Problem to work on | The string "women" may appear on lines of the entries below; report how many such lines there are, and only that.

Short web captions:
--------------------
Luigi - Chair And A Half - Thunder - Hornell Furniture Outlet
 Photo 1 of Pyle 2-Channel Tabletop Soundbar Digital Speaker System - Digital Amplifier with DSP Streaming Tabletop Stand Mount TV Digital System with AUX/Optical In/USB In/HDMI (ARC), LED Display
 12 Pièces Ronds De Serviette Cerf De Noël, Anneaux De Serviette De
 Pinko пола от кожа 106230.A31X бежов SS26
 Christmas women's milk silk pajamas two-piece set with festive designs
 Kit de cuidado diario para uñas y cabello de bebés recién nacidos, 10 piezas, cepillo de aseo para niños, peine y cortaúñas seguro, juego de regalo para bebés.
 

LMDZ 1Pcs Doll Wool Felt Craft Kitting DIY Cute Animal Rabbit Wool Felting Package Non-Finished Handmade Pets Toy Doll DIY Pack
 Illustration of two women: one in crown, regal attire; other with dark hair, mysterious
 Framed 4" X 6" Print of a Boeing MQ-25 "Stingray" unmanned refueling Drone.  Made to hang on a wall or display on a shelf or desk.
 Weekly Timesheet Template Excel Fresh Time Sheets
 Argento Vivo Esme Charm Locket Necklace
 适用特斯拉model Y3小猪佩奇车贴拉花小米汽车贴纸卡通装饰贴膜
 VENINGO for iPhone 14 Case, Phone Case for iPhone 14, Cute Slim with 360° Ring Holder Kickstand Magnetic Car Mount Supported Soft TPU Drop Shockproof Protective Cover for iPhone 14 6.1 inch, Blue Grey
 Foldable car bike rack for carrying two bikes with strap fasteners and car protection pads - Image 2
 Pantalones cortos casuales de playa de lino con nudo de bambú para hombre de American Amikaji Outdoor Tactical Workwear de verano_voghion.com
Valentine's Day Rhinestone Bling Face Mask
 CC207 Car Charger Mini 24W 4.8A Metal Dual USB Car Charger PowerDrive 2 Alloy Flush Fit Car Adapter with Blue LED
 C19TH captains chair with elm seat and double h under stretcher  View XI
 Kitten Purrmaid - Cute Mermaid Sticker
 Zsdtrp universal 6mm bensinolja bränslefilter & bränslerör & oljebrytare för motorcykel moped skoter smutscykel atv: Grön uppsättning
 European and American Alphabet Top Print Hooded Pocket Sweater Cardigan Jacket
--------------------
Answer to the exercise | 2